Maurizio Argenziano (g), Mario Gabola (as, ts), Massimo Spezzaferro (dr)

Label / Distribution : Fratto 9 Under The Sky

Depuis le début du XXè siècle et l’apparition des musiques syncopées, l’Italie est une terre de jazz. Elle produit des musiciens talentueux et singuliers dont les plus populaires ont pour nom Paolo Fresu, Enrico Rava, Steffano Di Battista ou Riccardo Del Fra.

Pays d’avant-gardes esthétiques, l’Italie donne aussi à entendre des artistes radicaux. Dans ce domaine, le plus glorieux de ses représentants est aujourd’hui le trio romain Zu, désormais placé aux avant-postes planétaires d’un jazz extrême. A Spirale s’inscrit dans une veine similaire, délivrant un jazz expérimental et électrique, trempé dans un acier pur rock. Agaspastik déverse ainsi un torrent d’énergie dévastatrice, chauffé à la flamme d’un free jazz abrasif. L’inaugural « Black Crack » donne le ton à coups de violents assauts soniques, de citations aylériennes et de « stop and go » brutaux. Le trio pratique cependant l’art du contraste avec maestria, multipliant les introspections sonores et les retenues instrumentales.

A Spirale intègre à sa musique une importante part d’effets électroacoustiques, jouant du « feedback » comme d’un instrument à part entière.

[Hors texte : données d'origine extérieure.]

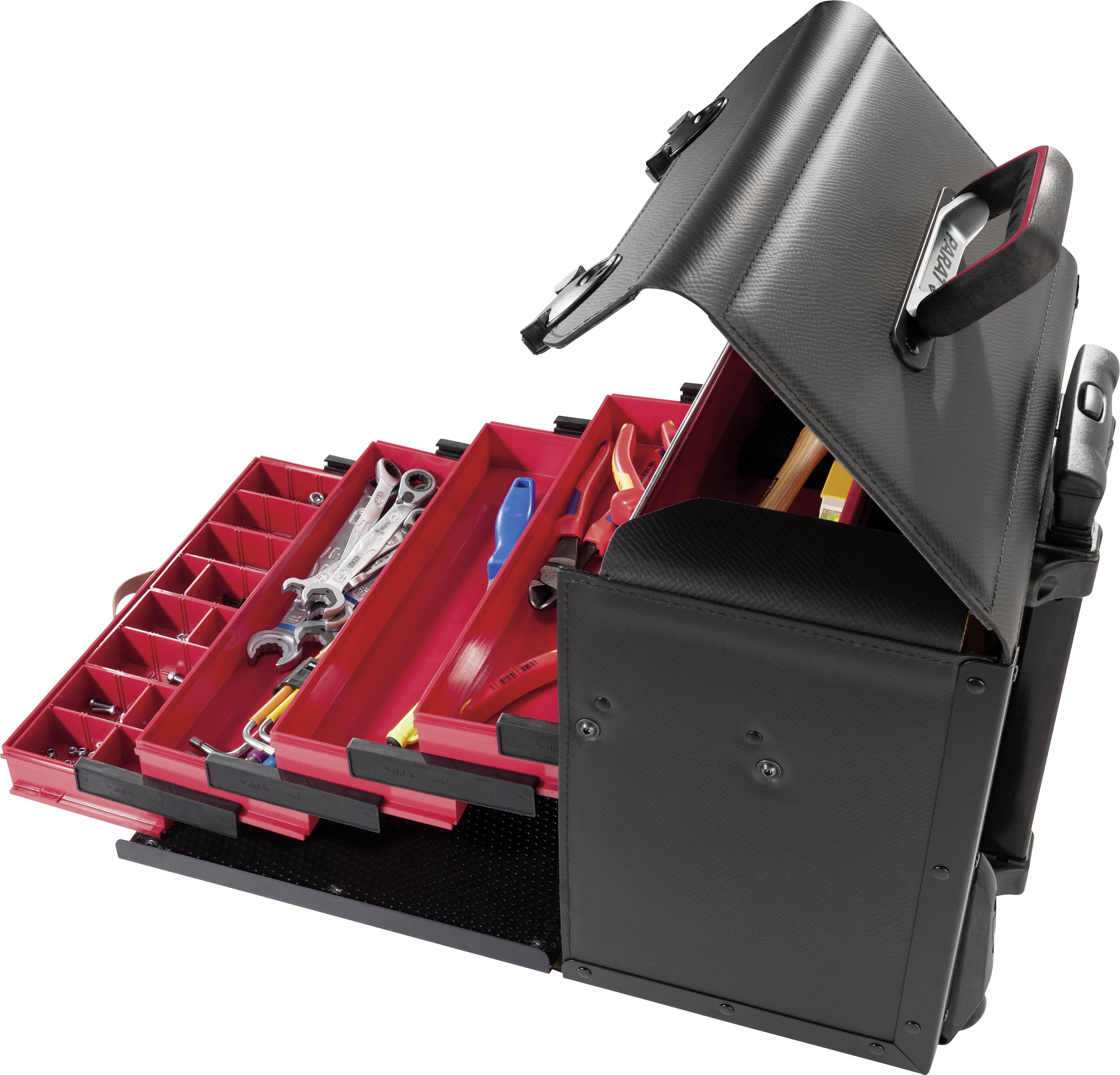 Opened tool bag with red compartments containing various tools such as spanners and screwdrivers.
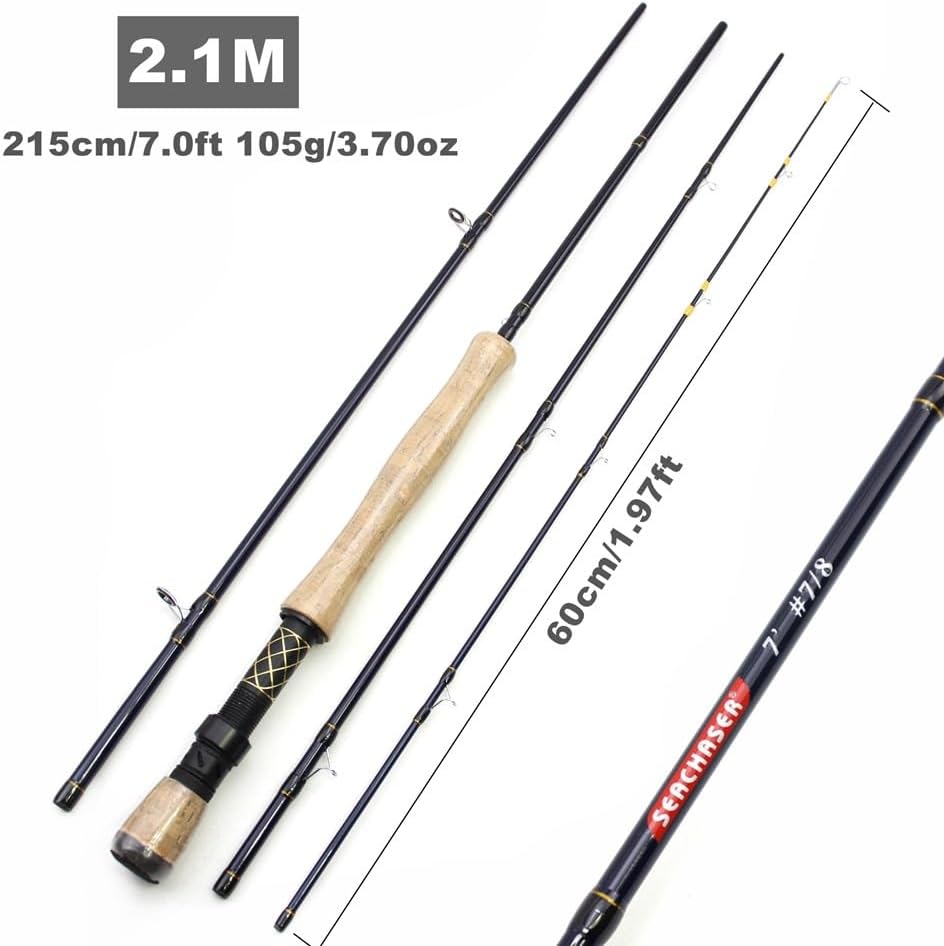 1.98M 2.1M 2.4M 2.7M Carbon 4 Sections Fly Fishing Rod LW 7/8 Fast Action Freshwater Fly Rods for Trout Salmon Fishing Portable Sea Pole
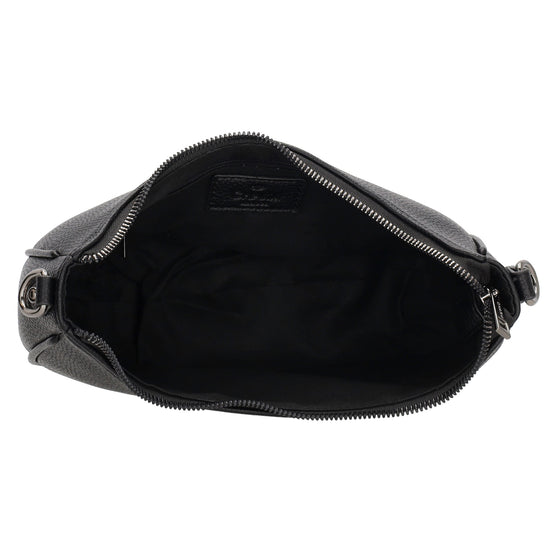 Schultertasche 25x20cm in Schwarz mit Reißverschluss und Wechselriemen - leder-accessoires.com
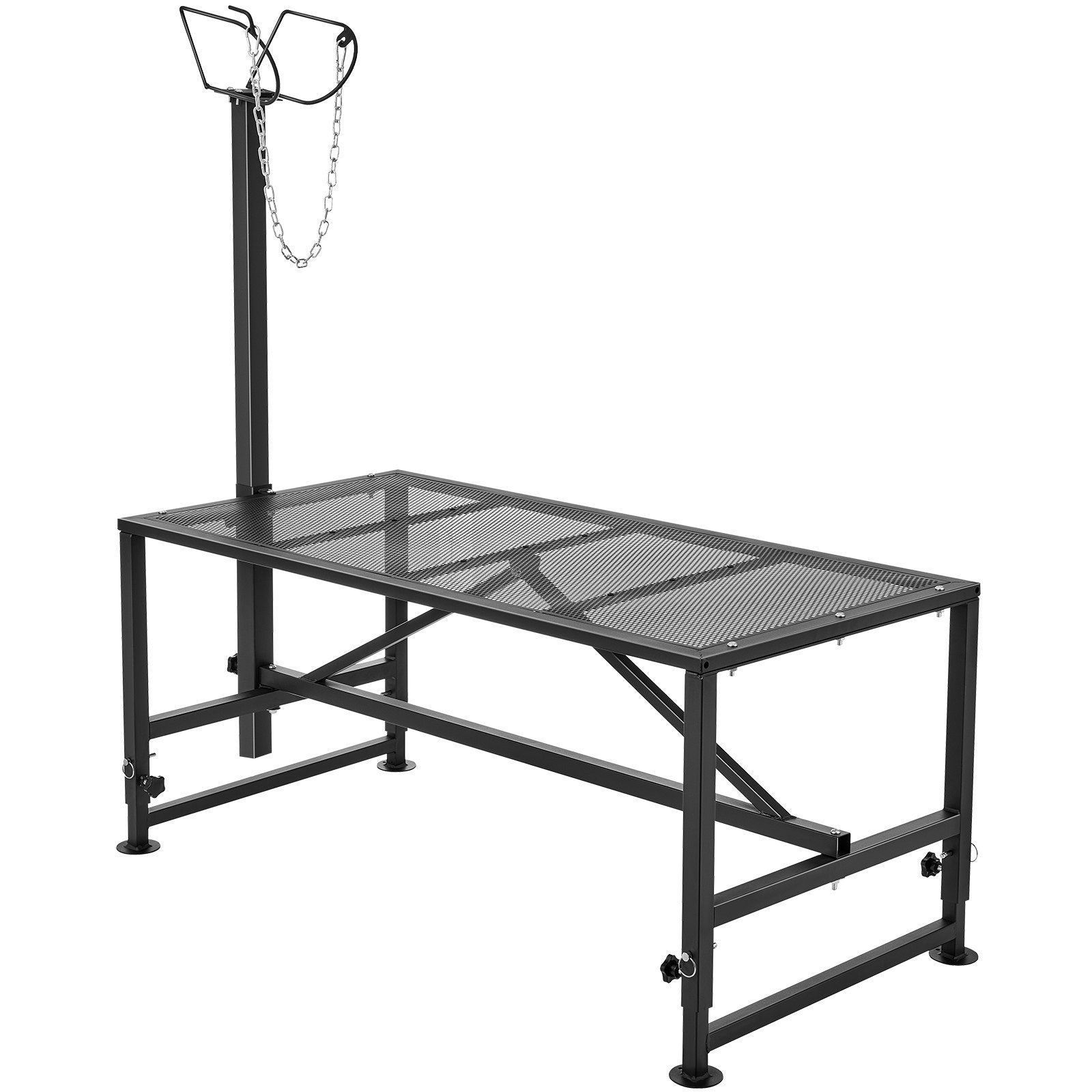 Goat & Sheep Stand 47x23 in Adjustable Livestock Milking Shearing Stand Black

Le procédé est tout particulièrement à l’œuvre sur « Naja Tripudians » ou le répétitif « Climbing Your Backbone », alliage réussi de motifs bruitistes, de hurlements de cuivres et de rafales polyrythmiques. Le groupe sait aussi, comme sur « Suriciorbu » ou « Kaluli », se montrer économe. Il réduit alors la voilure pour travailler sur des ambiances microtonales et créer des tableaux en clair-obscur. « Calco » est l’une des pièces les plus réussies de l’album. Sur une ligne de guitare hypnotique, le saxophone déroule une mélodie suave, traversée de réminiscences blues et de teintes orientales. Tout autour s’agrègent alors des bruissements électroacoustiques et des fragments rythmiques du plus bel effet.

Agaspastik croise avec bonheur free jazz, rock bruitiste et improvisation libre. De cet album radical, intègre et viscéral, se dégage une sombre et revigorante beauté.